Brief descriptive captions
--- START ---
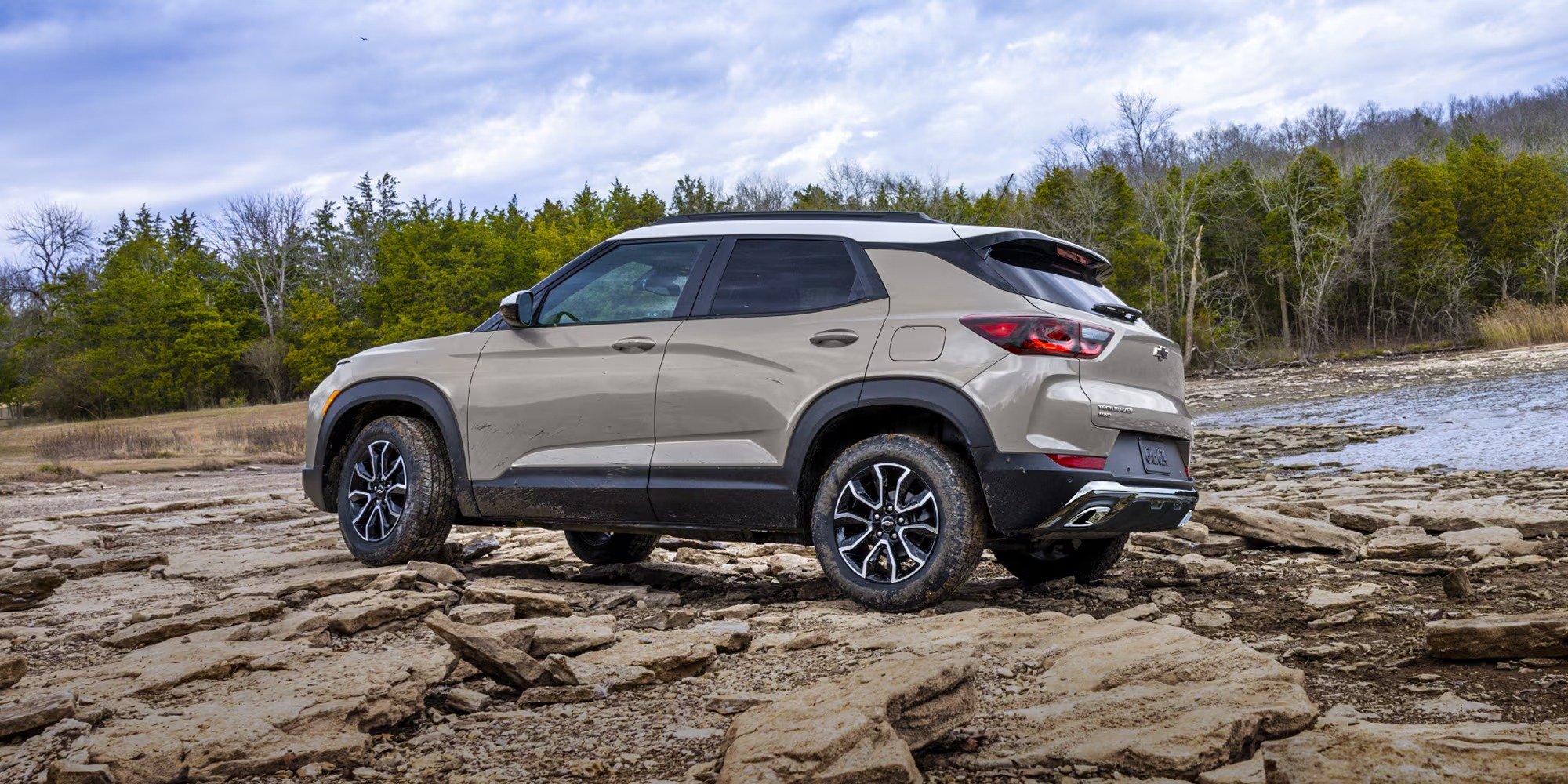 2026 Chevrolet Trailblazer rear three-quarter view on rocky terrain by water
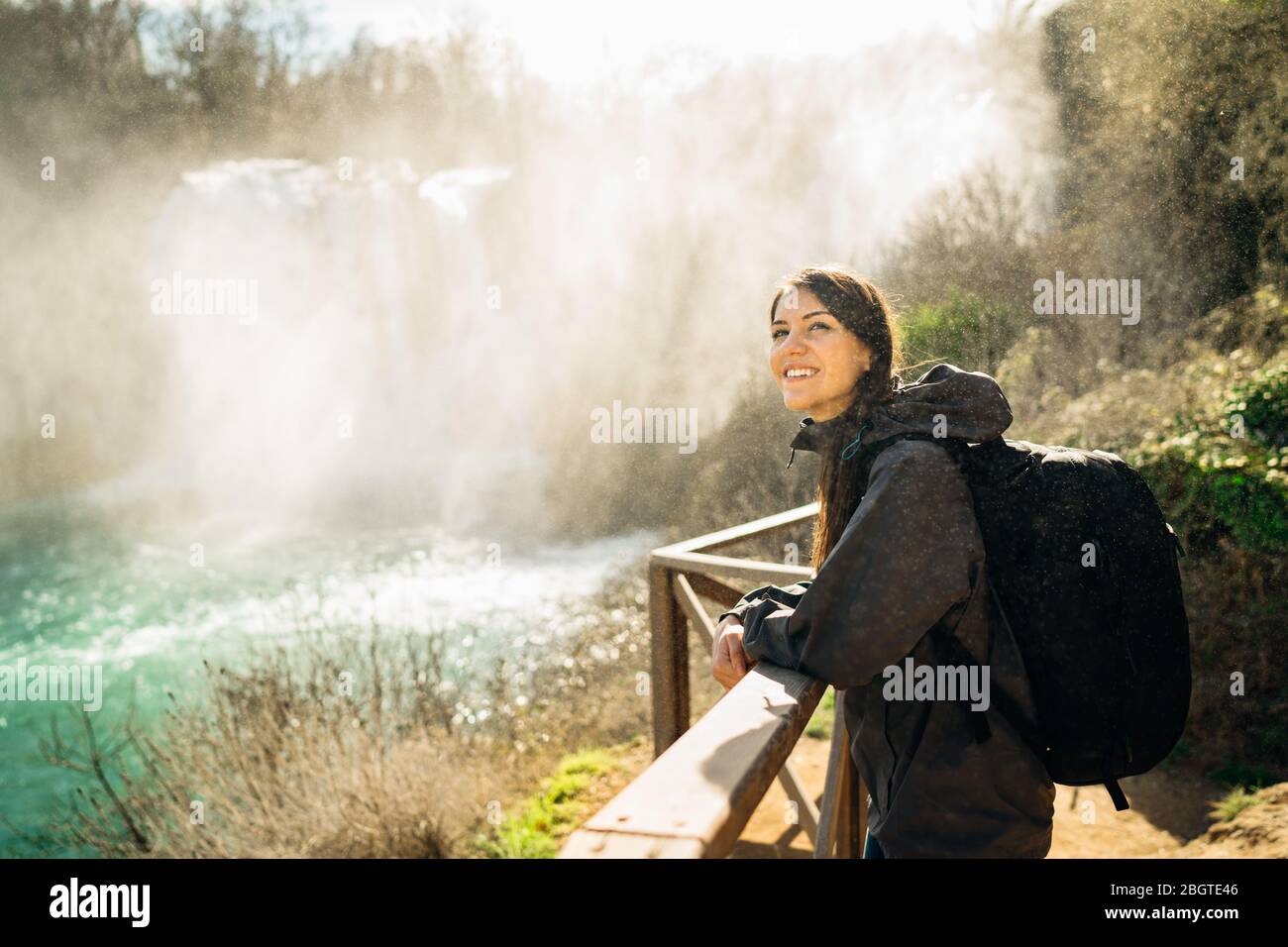 Woman tourist hiker visiting a mountain national park waterfall trail.Adventure tourist exploring nature.Nature and environment lover.Healthy lifestyl Stock Photo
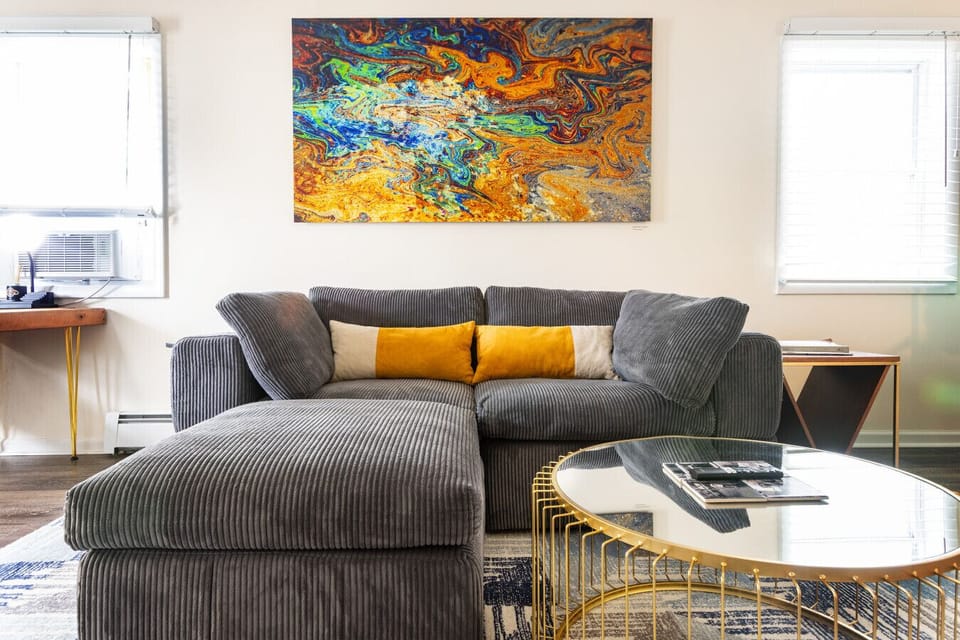 Living room featuring a comfortable couch, a television, and a dining table set over a geometric wool rug. Original modern artwork by Beckerman Photography adds color and creative energy to the vibrant space. 🛋️🎨📺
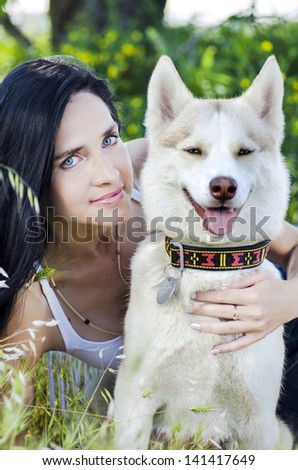 Romantic young woman and white husky outdoors.Happy brunette woman with smiling siberian husky dog, sitting in green forest in shadow, on a walk with dog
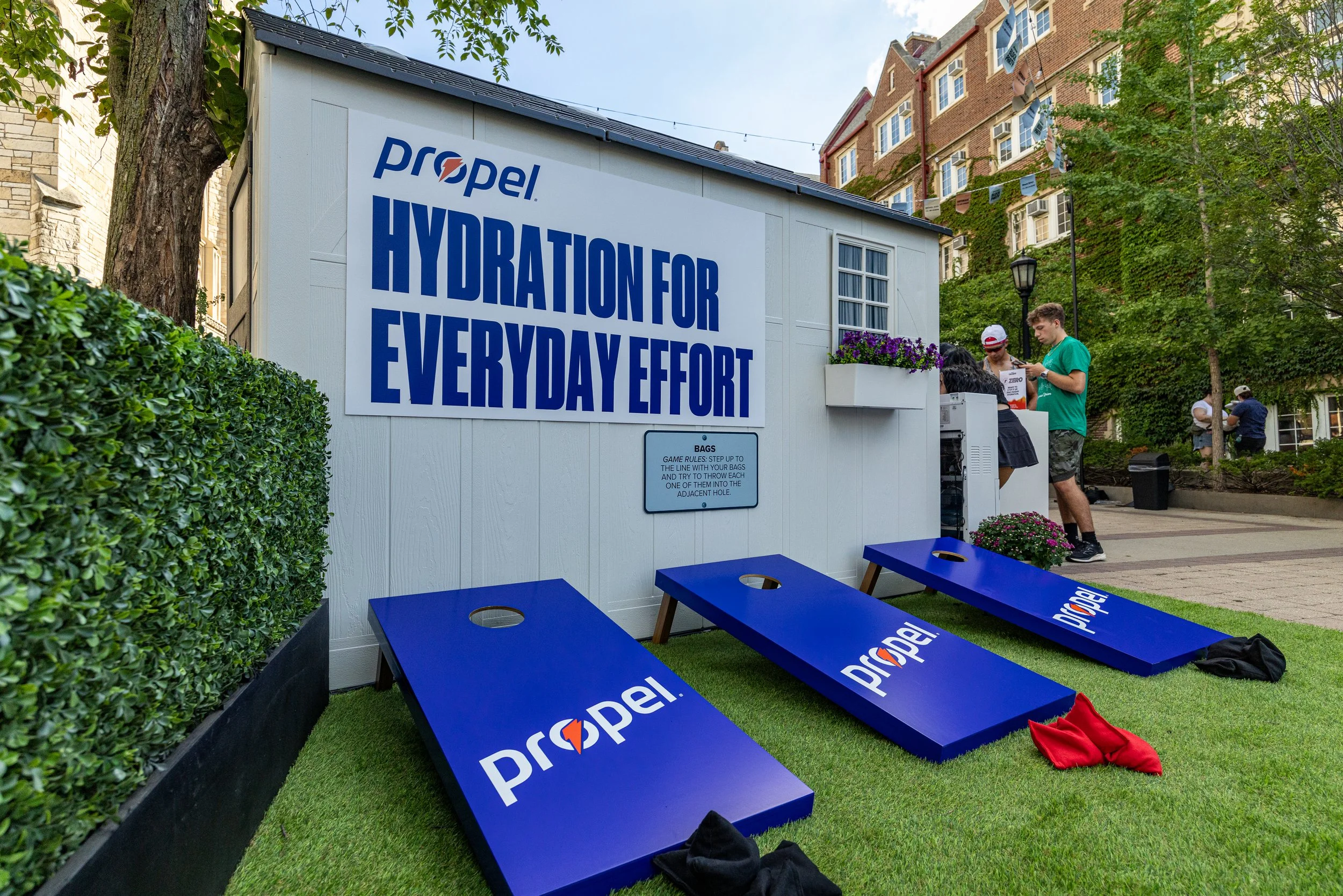Outdoor hydration station set up with three blue Coroplast boards with 'Propel' logo, a white structure with a sign reading 'Hydration for Every Day Effort,' surrounded by green bushes and trees, and people in casual attire around the station, with b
--- END ---
REQUIRED WORK =>
The answer must consist of the line containing "Romantic young woman" and every line after it through the end of the records, retyped exactly, with all pictures left out.

EXERCISE SOLUTION =>
 Romantic young woman and white husky outdoors.Happy brunette woman with smiling siberian husky dog, sitting in green forest in shadow, on a walk with dog
Outdoor hydration station set up with three blue Coroplast boards with 'Propel' logo, a white structure with a sign reading 'Hydration for Every Day Effort,' surrounded by green bushes and trees, and people in casual attire around the station, with b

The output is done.